А ведь они и вправду хорошие. Они должны быть хорошими, по необходимости. Ни один вид животных не выжил бы, если бы у его представителей не было врожденной способности обучиться вести себя как нормальные взрослые и инстинктивного желания делать это. Легко научить льва есть мясо или ласточку улетать на юг. Трудно было бы – и для этого потребовались бы совершенно противоестественные методики – вырастить льва-вегетарианца или ласточку, зимующую в северном полушарии. Подавляющее большинство новорожденных при должном воспитании (то есть получая достаточно любви, уважения и физического контакта) вырастают нормальными детьми и, позже, нормальными взрослыми. Люди – социальные животные, и потому уметь любить и быть любимыми, уважать и быть уважаемыми, помогать и принимать помощь других членов группы, понимать и уважать правила поведения (то есть быть хорошими) – естественные качества любой личности. Добротное образование, религия и законы учат нас еще кое-чему, но все это уже не является необходимыми условиями для того, чтобы быть хорошим. Наши предки были хорошими, даже когда жили еще в пещерах, точно так же как курицы – «хорошие» безо всяких школ и полицейских.
Давайте же взглянем на некоторые из положительных качеств наших детей.
Трехмесячная Лаура глаза себе выплакивает. Ей дали грудь, сменили подгузник, ей не холодно и не жарко, ее не колет булавка. Мама берет ее на руки, поет ей песенку, и Лаура мгновенно перестает плакать. Мама кладет ее обратно в кроватку, и та снова заливается слезами.
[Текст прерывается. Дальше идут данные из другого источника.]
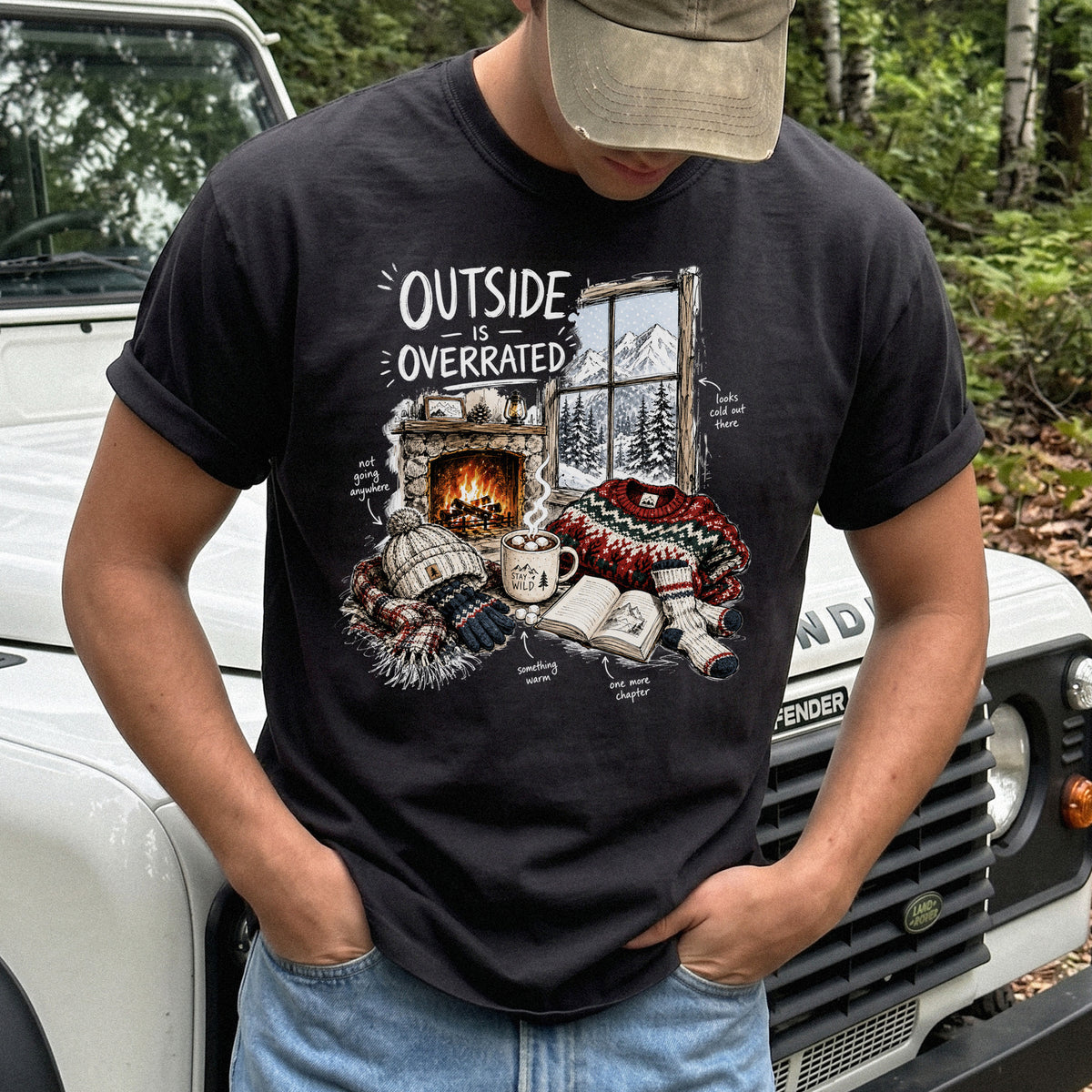 Outside Is Overrated Comfort Colors Shirt – Cozy Winter Cabin Tee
«Есть она не хочет, пить она не хочет, у нее все в порядке! – скажут злые языки. – Какого черта ей надо?»
Ей нужна ее мама. Ей нужны вы, потому что она любит вас. Любит не за то, что вы ее кормите, одеваете, согреваете, и не за то, что, когда она подрастет, будете покупать ей игрушки или отправите в частную школу, и не за то, что по завещанию оставите ей деньги. Любовь ребенка чиста, абсолютна, бескорыстна.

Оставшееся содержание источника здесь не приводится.